Così, adesso, dopo più di dieci anni, mi ritrovo a sentirmi estremamente sola guardando una ragazza in sovrappeso, vestita solo di cattivo gusto, che manda messaggi con il telefono mentre mastica una gomma. Penso che, tutto sommato, la sua vita non è poi tanto differente dalla mia e mi sale la tristezza e la poesia che vorrei svanisce nel nulla. E’ brutto e doloroso dover vedere e sentire dentro se stessi certe cose, sopratutto quando ci si fa portatori di certi ideali, e allora tutto si amplifica, la bellezza, la poesia, la luce, ma anche la sofferenza, la solitudine e il dolore stesso.
E torna la poesia, sola, nel bagliore del ricordo della luce. Il ricordo di lui e la tensione verso l’amore che colora questo grigio.

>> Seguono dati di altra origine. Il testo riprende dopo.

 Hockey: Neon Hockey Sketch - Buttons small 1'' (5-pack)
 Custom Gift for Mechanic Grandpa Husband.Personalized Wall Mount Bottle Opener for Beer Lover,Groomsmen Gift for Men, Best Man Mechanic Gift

E’ difficile uscire da tutto questo, dal grigio di cui siamo circondati. Mi sento in difetto per non saper fornire una via d’uscita, un bagliore che sia anche lontano, che si possa anche solo intravedere e che mi sento, ogni volta, in dovere di dare. Ogni luce raggiunta necessita di grande sforzo, di numerose rinunce, di selezione accurata che non sempre è possibile. Quanta, a questo punto è doveroso domandarsi, quanta è questa possibilità di vivere diversamente? Fino a che punto è possibile far scendere a compromesso gli ideali con la vita ritualizzata, cristallizzata del così-è-e-così-si-fa? Dov’è lo spazio che possa accogliere una vita altra? qual è la via della realizzazione? E proprio la vita della routine mi impedisce, talvolta, di cercare, di approfondire, di cercar senso.
Vero è che dovremmo esser liberi di dispiegare il nostro volere, tendere, idealmente verso uno stile di vita senza imposizioni morali che dicono cosa è giusto fare (secondo chi?) e cosa invece non lo è.
Dicevo tempo fa, al diretto interessato, che so che essere innamorati ci rende persone migliori.